In the previous post, we saw how tables can be designed by following proper data visualization guidelines. In this post, we will look at graphs.
Graphs are pretty much everywhere these days, from stock market data presentations to marketing and HR presentations. I came to realize, after working a lot with Tableau over the years that designing a beautiful dashboard is not everyone’s cup of tea and it is an art by itself.
If you are a Tableau lover and enjoy designing dashboards, you should check MakeoverMonday!

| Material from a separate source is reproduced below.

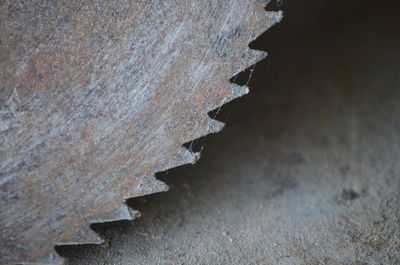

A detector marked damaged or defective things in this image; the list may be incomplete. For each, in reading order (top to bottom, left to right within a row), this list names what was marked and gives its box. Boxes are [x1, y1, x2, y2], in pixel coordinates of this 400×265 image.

rusty metal surface [0, 1, 282, 262]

Graphs are normally used to display relationships among and between sets of quantitative values by giving them shape. Patterns revealed by graphs enable users to detect trends, similarities, differences and anomalies from a collection of data points. Large sets of data can be easily perceived and understood, something that is not possible in Tables. Quantitative values can be represented in graphs using any of the following:
- Shapes with Varying 2-D areas
- Shapes with Varying colour Intensity like Heat Maps
Let’s look at the above in detail in a tabular form for easy grasping;
|Points||When sets of points cannot be clearly distinguished, correct by:|
1. Enlarging the points
2. Selecting objects that are more visually distinct
When points overlap such that some are obscured, correct by:
1. Enlarging the graph, reducing the points’ size
2. Removing the fill colours.
|Bars||Use horizontal bars when their categorical label bars won’t fit side by side. Never use horizontal bars for time-series values.|
1. Set the width of white space separating bars that are labelled along the axis equal to the width of the bars, plus or minus 50%.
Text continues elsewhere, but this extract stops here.